START MATERIALS PROVIDED
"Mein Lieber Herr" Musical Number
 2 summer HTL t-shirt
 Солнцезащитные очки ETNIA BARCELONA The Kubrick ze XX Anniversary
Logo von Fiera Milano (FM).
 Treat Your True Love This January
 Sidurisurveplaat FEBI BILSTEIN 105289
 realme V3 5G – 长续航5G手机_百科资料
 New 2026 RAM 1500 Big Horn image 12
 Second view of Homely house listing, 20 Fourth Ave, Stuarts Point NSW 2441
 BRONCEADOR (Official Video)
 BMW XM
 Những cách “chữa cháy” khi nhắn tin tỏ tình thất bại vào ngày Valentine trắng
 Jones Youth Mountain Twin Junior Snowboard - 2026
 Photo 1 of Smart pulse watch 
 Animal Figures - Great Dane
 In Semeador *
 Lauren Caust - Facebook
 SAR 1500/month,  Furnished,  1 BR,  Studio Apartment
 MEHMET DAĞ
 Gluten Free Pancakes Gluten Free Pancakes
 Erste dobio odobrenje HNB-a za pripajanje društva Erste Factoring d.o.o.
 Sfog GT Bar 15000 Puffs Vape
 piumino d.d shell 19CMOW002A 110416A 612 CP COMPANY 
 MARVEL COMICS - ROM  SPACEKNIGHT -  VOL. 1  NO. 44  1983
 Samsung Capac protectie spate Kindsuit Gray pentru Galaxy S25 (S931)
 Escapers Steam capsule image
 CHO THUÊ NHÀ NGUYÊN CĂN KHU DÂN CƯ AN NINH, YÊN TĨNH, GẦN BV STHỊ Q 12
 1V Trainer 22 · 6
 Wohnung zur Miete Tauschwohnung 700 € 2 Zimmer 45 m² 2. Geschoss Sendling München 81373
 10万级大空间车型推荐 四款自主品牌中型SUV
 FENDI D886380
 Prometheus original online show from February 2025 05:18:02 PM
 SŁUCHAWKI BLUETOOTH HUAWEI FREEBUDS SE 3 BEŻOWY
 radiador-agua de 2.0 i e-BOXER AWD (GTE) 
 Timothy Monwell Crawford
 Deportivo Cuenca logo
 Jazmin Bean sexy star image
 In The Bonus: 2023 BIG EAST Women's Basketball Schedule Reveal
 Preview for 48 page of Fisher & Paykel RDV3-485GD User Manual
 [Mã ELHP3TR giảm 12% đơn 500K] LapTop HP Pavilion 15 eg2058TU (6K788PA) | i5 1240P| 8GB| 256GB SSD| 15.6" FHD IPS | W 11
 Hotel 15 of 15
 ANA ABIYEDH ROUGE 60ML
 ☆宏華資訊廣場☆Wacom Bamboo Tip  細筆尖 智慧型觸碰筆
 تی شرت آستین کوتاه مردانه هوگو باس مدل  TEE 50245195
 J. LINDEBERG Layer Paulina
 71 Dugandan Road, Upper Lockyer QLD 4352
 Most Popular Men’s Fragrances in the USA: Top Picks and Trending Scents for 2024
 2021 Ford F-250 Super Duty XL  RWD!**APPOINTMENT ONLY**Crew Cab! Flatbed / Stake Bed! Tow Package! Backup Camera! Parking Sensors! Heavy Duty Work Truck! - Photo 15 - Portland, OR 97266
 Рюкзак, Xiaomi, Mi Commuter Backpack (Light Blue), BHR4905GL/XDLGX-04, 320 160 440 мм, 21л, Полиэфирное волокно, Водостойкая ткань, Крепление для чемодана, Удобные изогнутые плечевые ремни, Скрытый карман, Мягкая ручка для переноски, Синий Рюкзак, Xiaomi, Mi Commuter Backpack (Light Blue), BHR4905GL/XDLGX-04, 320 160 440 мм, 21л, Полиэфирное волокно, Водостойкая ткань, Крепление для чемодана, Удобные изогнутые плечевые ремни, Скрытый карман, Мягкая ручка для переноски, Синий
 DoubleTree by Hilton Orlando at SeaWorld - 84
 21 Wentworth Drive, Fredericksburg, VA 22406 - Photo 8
END MATERIALS PROVIDED
INSTRUCTIONS TO FOLLOW | Filter the records for lines containing the word "image" and copy each one.

SOLUTION TO THE PROBLEM |
 New 2026 RAM 1500 Big Horn image 12
 Escapers Steam capsule image
 Jazmin Bean sexy star image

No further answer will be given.